San Francisco’s librarians, city attorney staff and assessors recently found themselves reassigned to various duties in service of the city’s COVID-19 response, including a contact-tracing effort led by the city’s public-health department and University of California, San Francisco faculty. As public employees, they had signed on to be deployed as “disaster service workers” when the mayor declares a citywide emergency.
“ As public employees, San Francisco librarians had signed on to be deployed as ‘disaster service workers’ when the mayor declares a citywide emergency. ”
De Brauwere, who worked her first remote shift on Sunday, is one of thousands of people across the country being recruited — or, in some cases, drafted — to perform contact tracing, a process that involves counseling potentially exposed contacts of an infected person with information and support to prevent them from spreading the disease.
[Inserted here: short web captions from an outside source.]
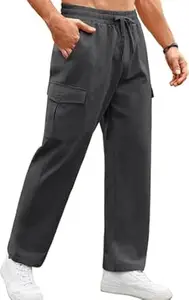 CB-COLEBROOK Mens Casual Cargo Pants Relaxed Fit Outdoor Hiking Pants Cotton Drawstring Sweatpants with Pockets || Cargos for Men (Cargo-47-52)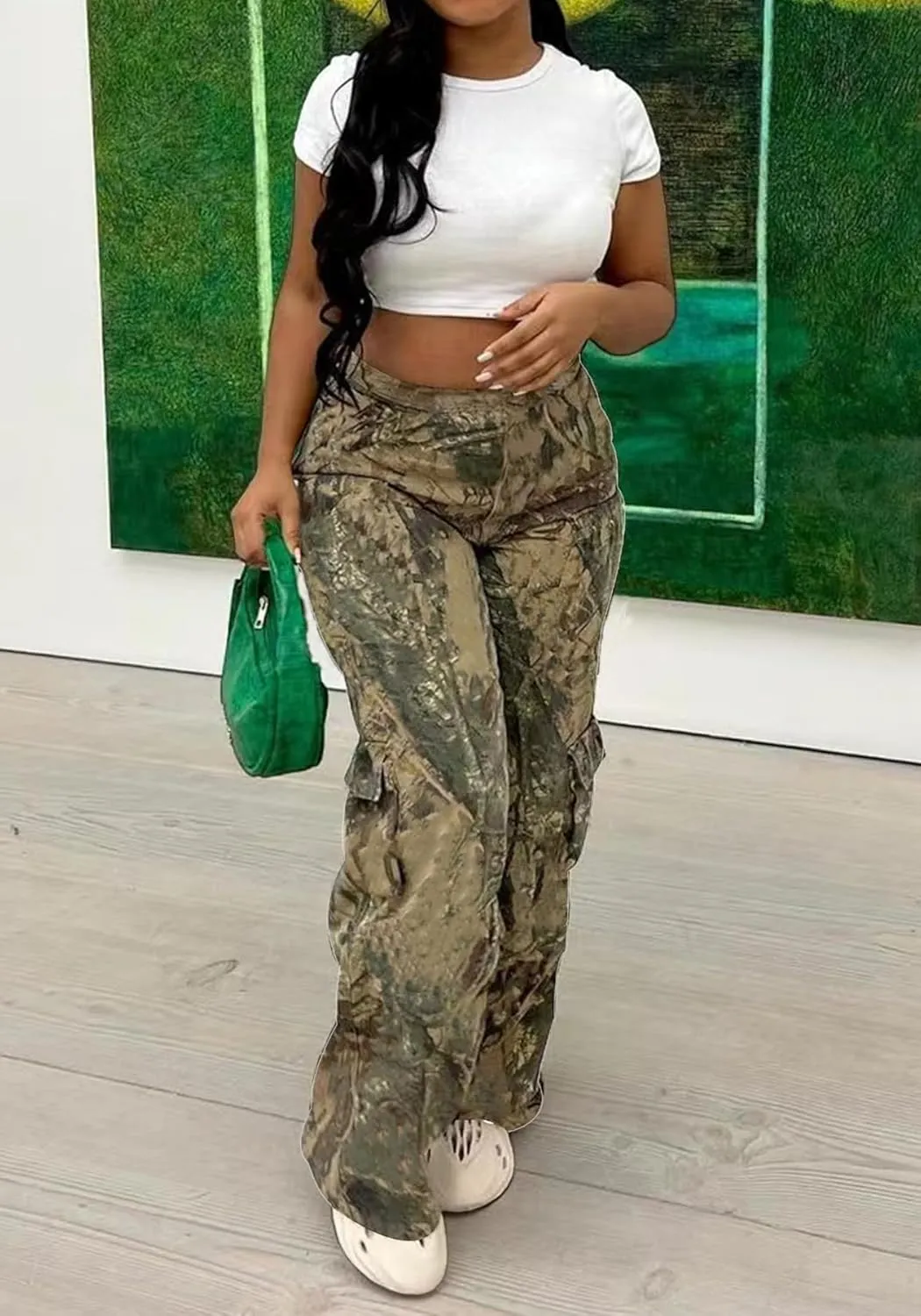 Seltaon Fall Camo Pants for Women Camouflage Army Fatigue Wide Leg Baggy Pants Trousers Plus Size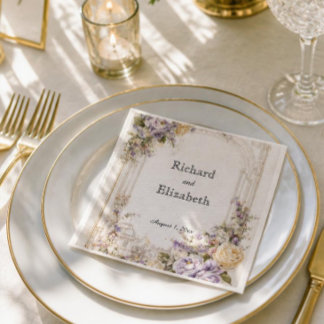 Luxury Vintage Floral Old Money Wedding Napkins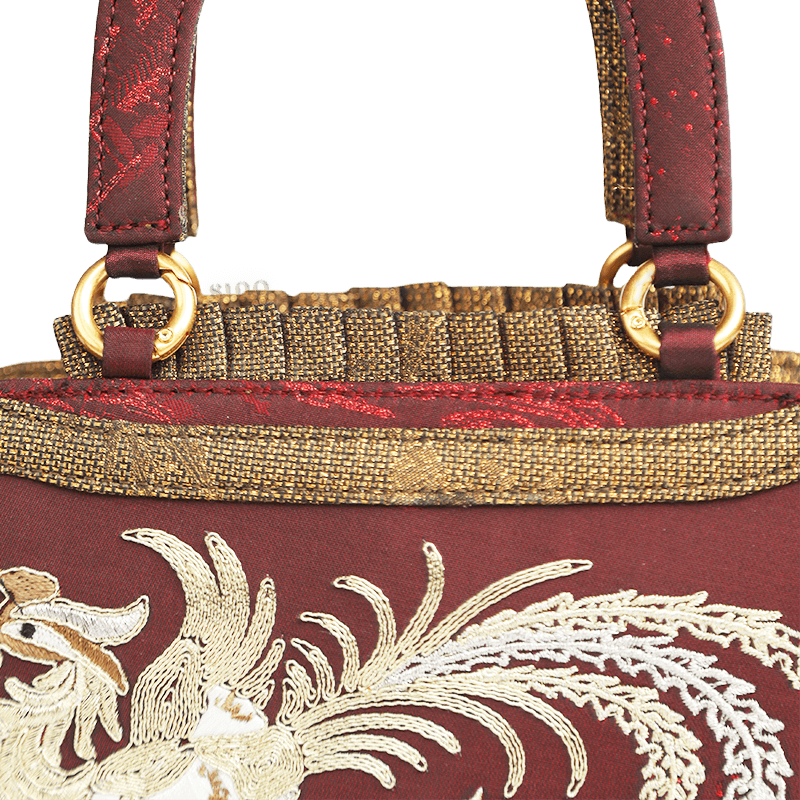 Ultra-Light Ruyi Phoenix Embroidery Handbag Recycled Fabric with Hualuo Silk 205g - SinoCultural -- GD1212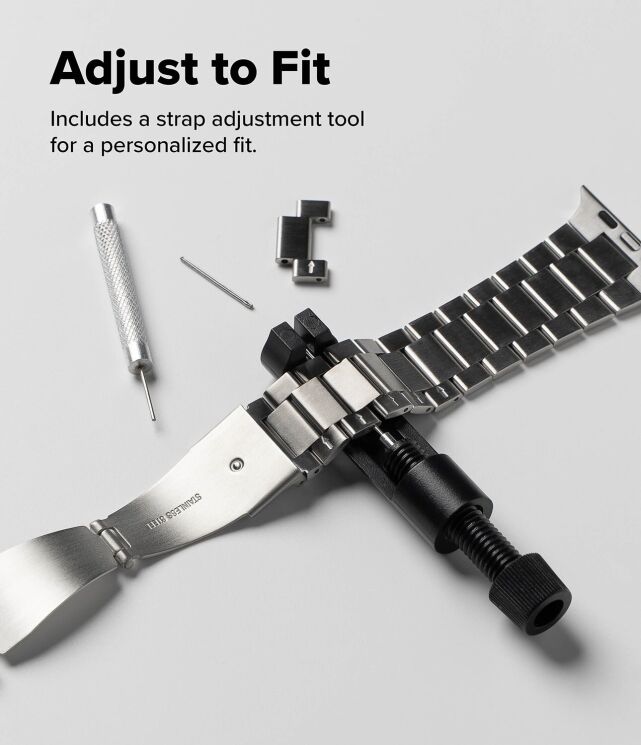 Ремінець Ringke Metal One Air для Apple Watch 46 / 44 / SE 44 / 45 / Ultra / Ultra 2 / Ultra 3 (49mm) 8800328813779 - Silver: фото 9 з 15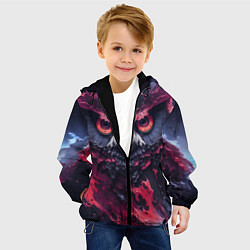 Куртка с капюшоном детская Сова взгляд краска, цвет: 3D-черный — фото 2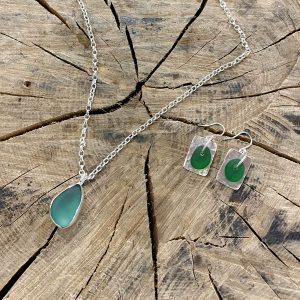 Silver Sea Glass Pendants & Earrings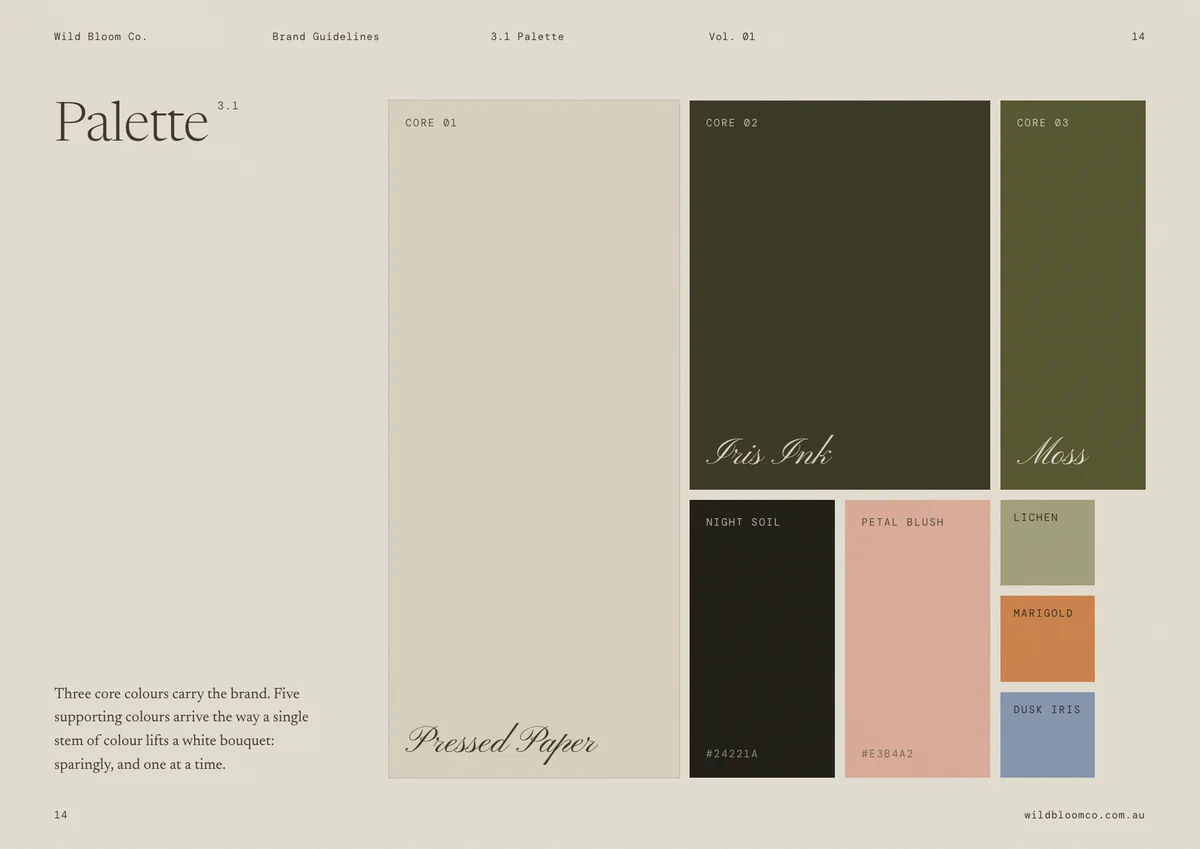 Wild Bloom Co. brand guidelines: Palette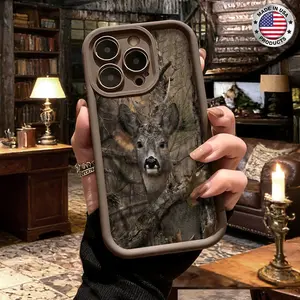 Cool Deer Woodland Camouflage Nature Aesthetic Design Case for iPhone 17 16 15 14 Pro Max 13 12 11 XR XS Plus Air Slim Shockproof Anti Drop Protective Durable TPU Cover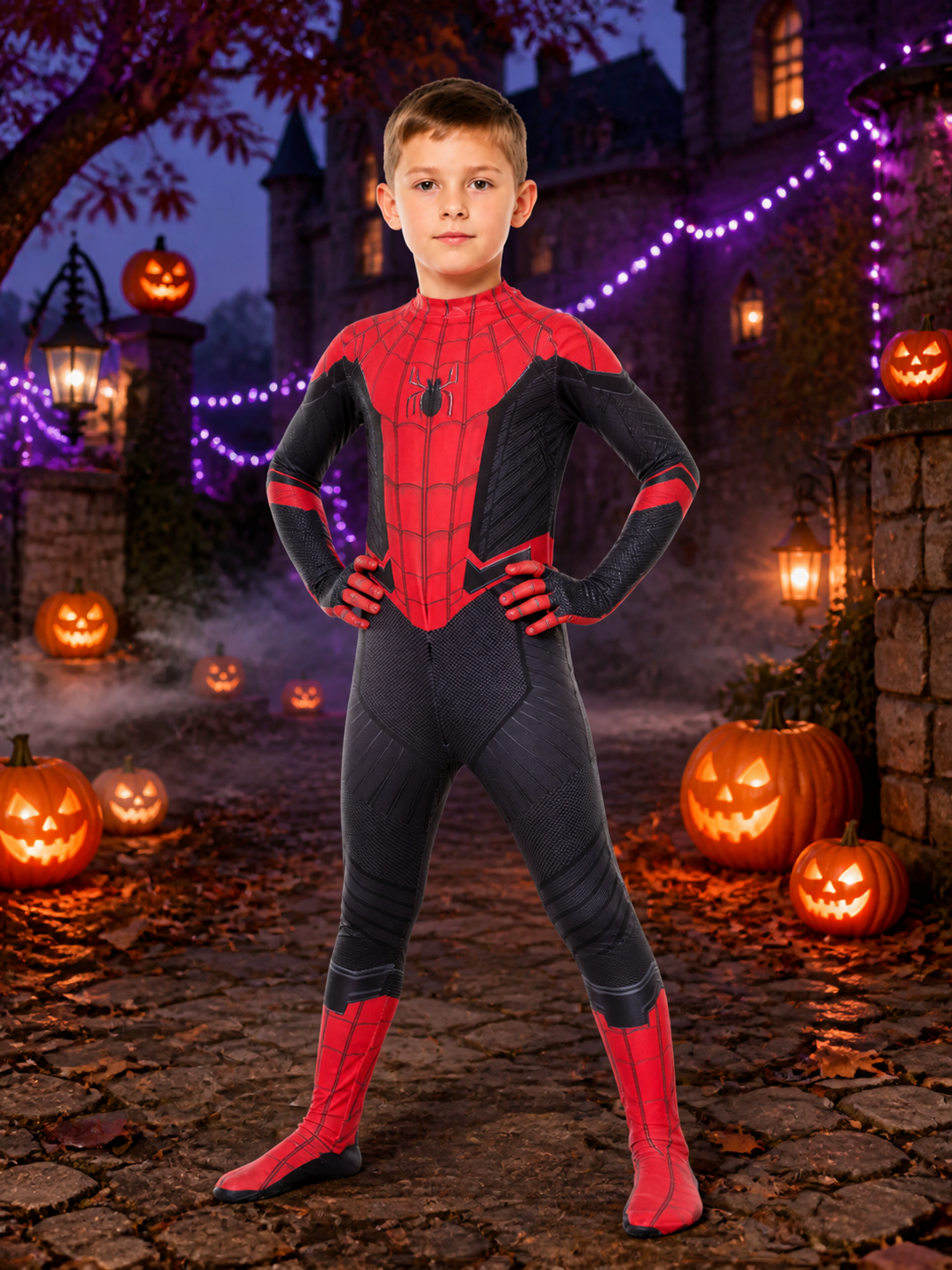 Kids Spider-Man Costume Jumpsuit, Red and Black Full-Body Suit with Mask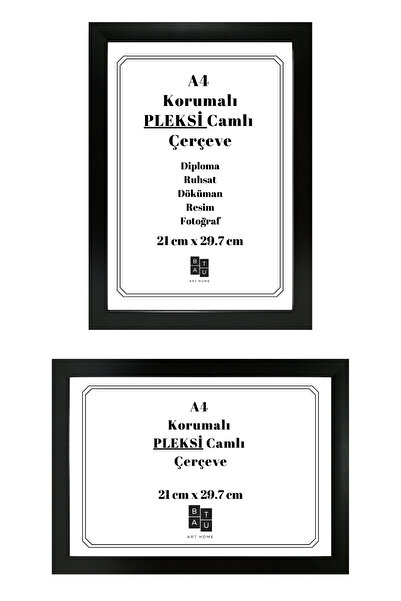 Batu Art Home 5 Adet A4 Çerçeve Korumalı Kırılmaz Pleksi Camlı Belge Diploma Resim Fotoğraf Asılabilir 21x29.7 Cm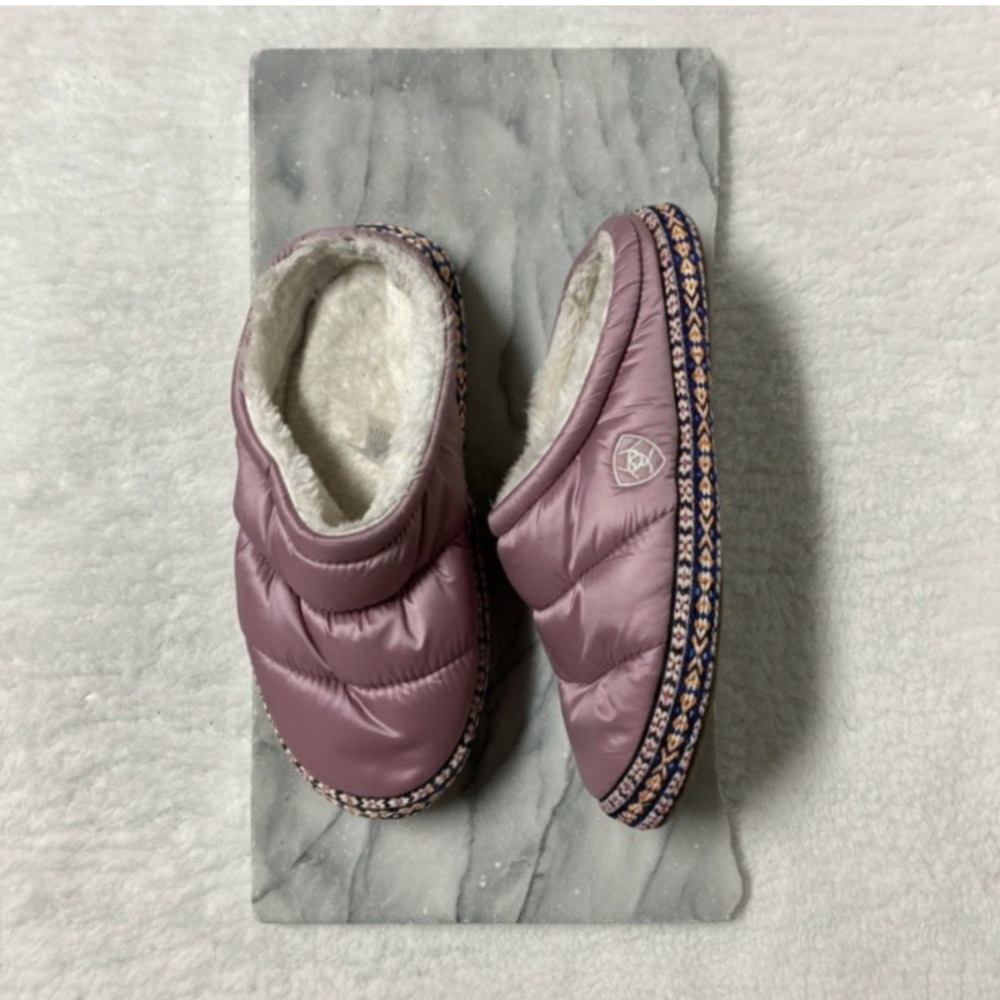 Ariat Crius Clog Slippers Size 6.5-7 Shoes Pink Metallic Faux Fur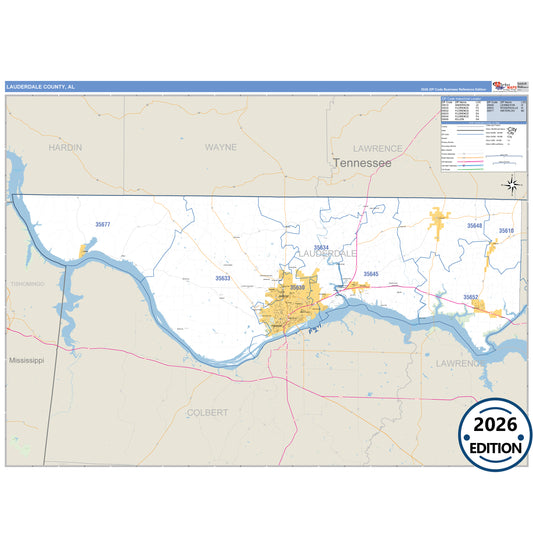 Lauderdale County, AL Business Reference 5 Digit ZIP Code Wall Map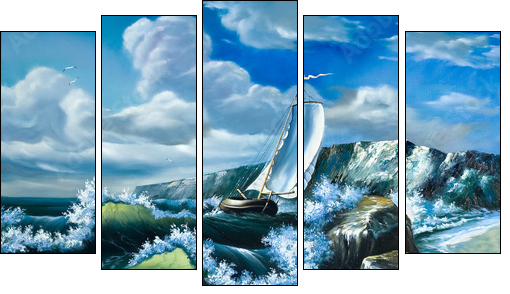 Lonely sailing vessel in the storming sea - Five-piece canvas print, Pentaptych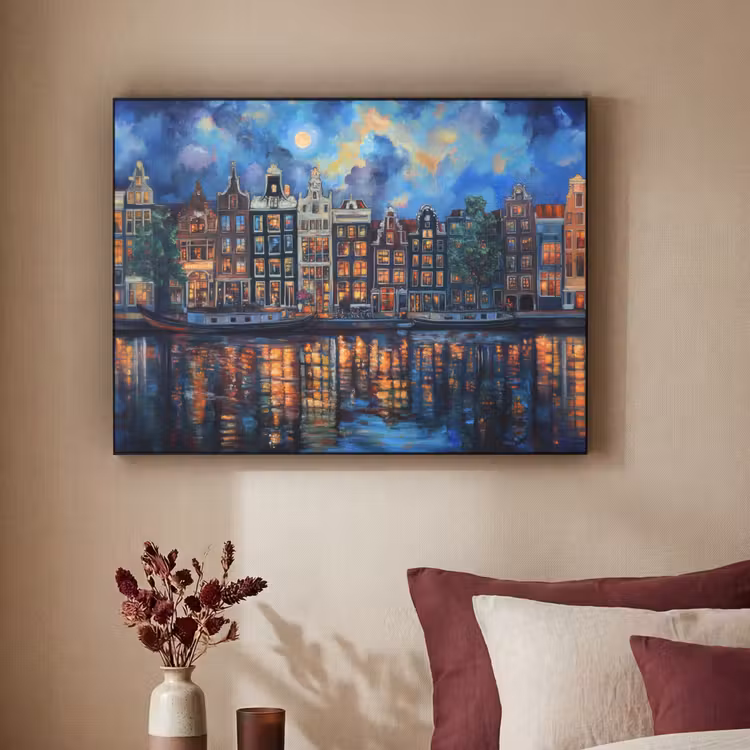 Art Frame - Grachten Amsterdam - Huizen - Stad - Kleurrijk — 2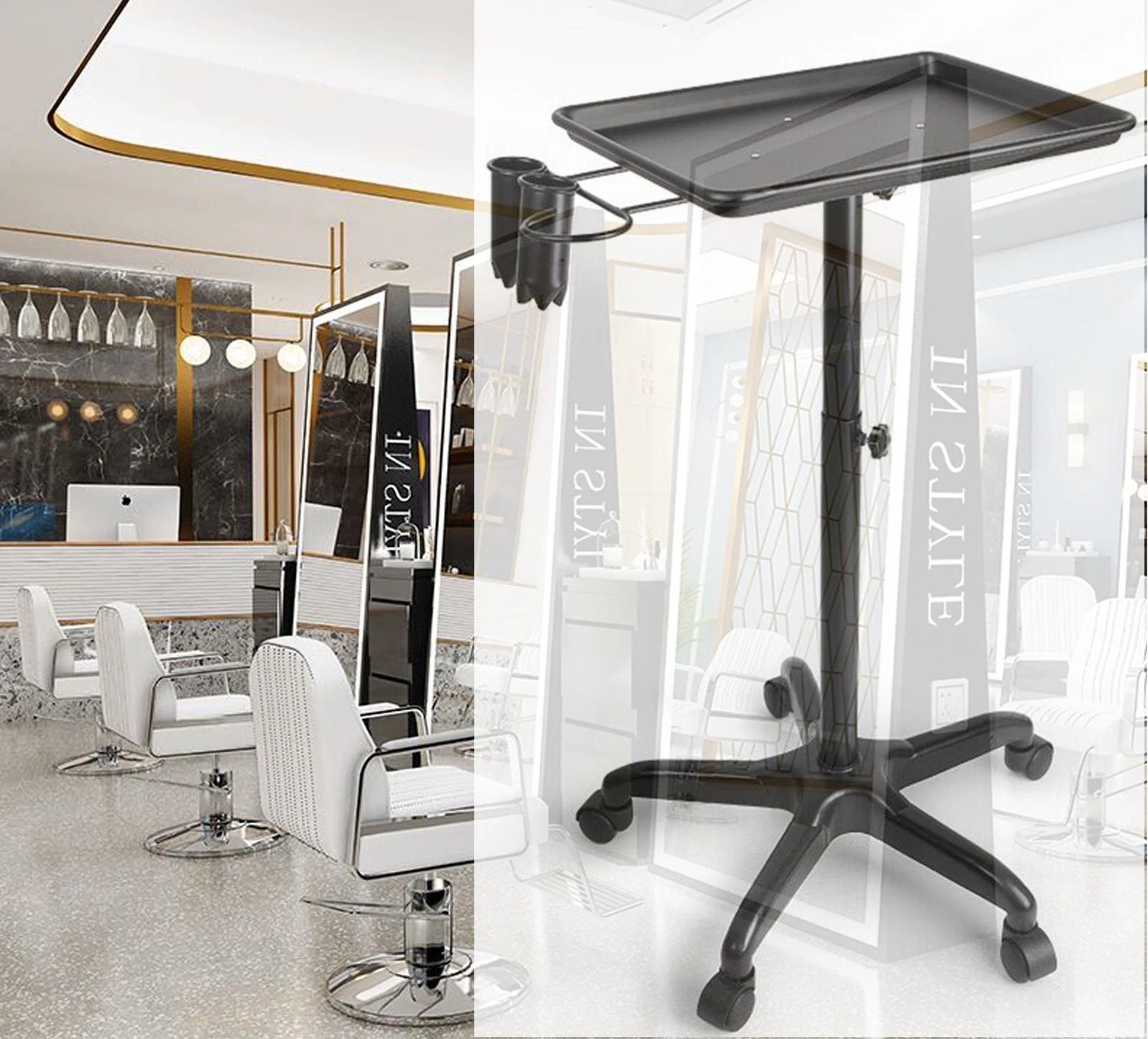Professional Salon Trolley Cart Adjustable Hairdressing Cart With Tool Tray Organizer 2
Reopening the country will require a “very aggressive” contact-tracing operation, Centers for Disease Control and Prevention director Robert Redfield told NPR last month. An April report by the Johns Hopkins Center for Health Security estimated that the public-health workforce would need about 100,000 new contact tracers.
In a letter to congressional leaders first obtained by NPR, former public-health officials including Andy Slavitt, Scott Gottlieb and Vivek Murthy estimated that the contact-tracing workforce needed to be scaled up by 180,000 until a vaccine became available. And former CDC director Tom Frieden told STAT News the country needed “an army of 300,000 people.”
Meanwhile, a recent survey by NPR, which included responses from 41 states and Washington, D.C., found that about 7,602 people in total were currently working as contact tracers, with an expected surge to about 36,587 — figures that Frieden called “a start.”
How contact tracing works
Contact tracing, a mainstay of public-health work, has long been employed around the world for conditions like tuberculosis, HIV and other sexually transmitted infections, said public-health physician S. Patrick Kachur, a professor of population and family health at Columbia University Medical Center.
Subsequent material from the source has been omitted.